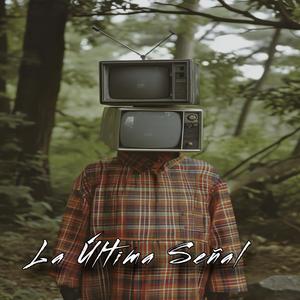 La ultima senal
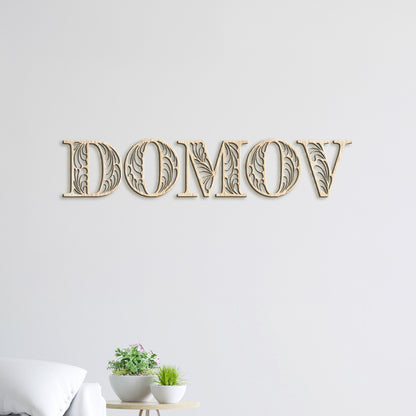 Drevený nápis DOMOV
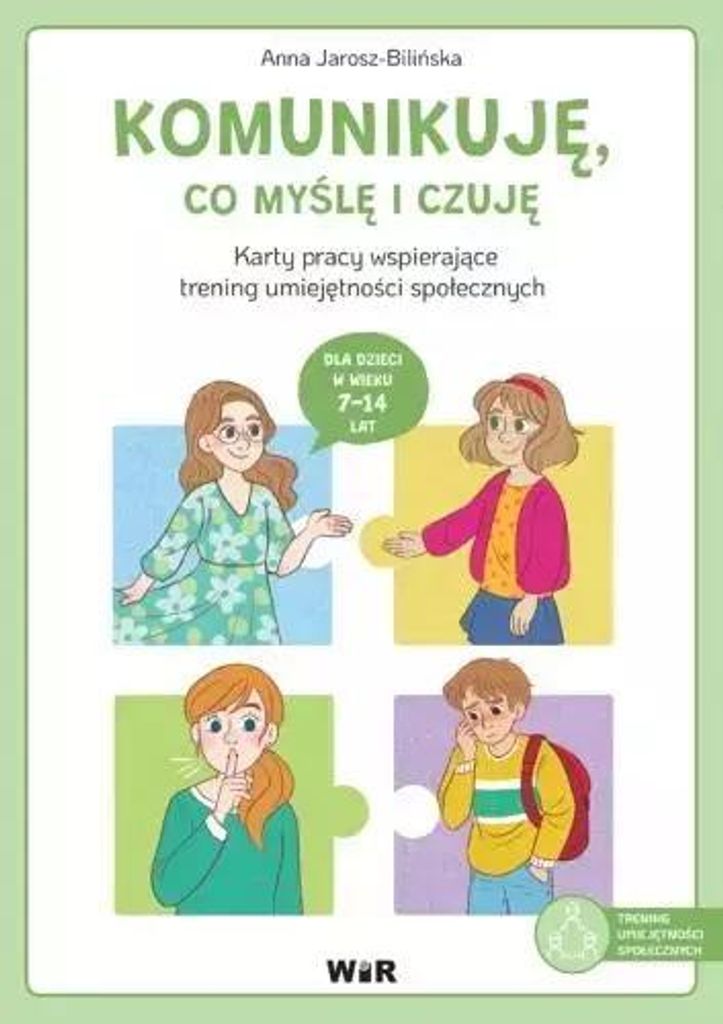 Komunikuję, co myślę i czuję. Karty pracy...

* * *

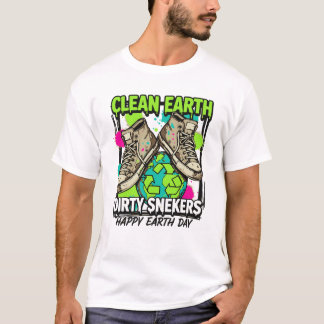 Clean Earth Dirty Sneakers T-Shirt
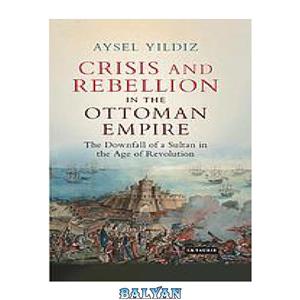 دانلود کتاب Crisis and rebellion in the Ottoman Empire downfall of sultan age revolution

### PROBLEM:
Nothing but the lines from the one with "La ultima senal" to the one with "Komunikuję, co myślę i czuję. Karty pracy..." above, both included, should be transcribed, exactly and without pictures.

### SOLUTION TO THIS TASK:
 La ultima senal
 Drevený nápis DOMOV
 Komunikuję, co myślę i czuję. Karty pracy...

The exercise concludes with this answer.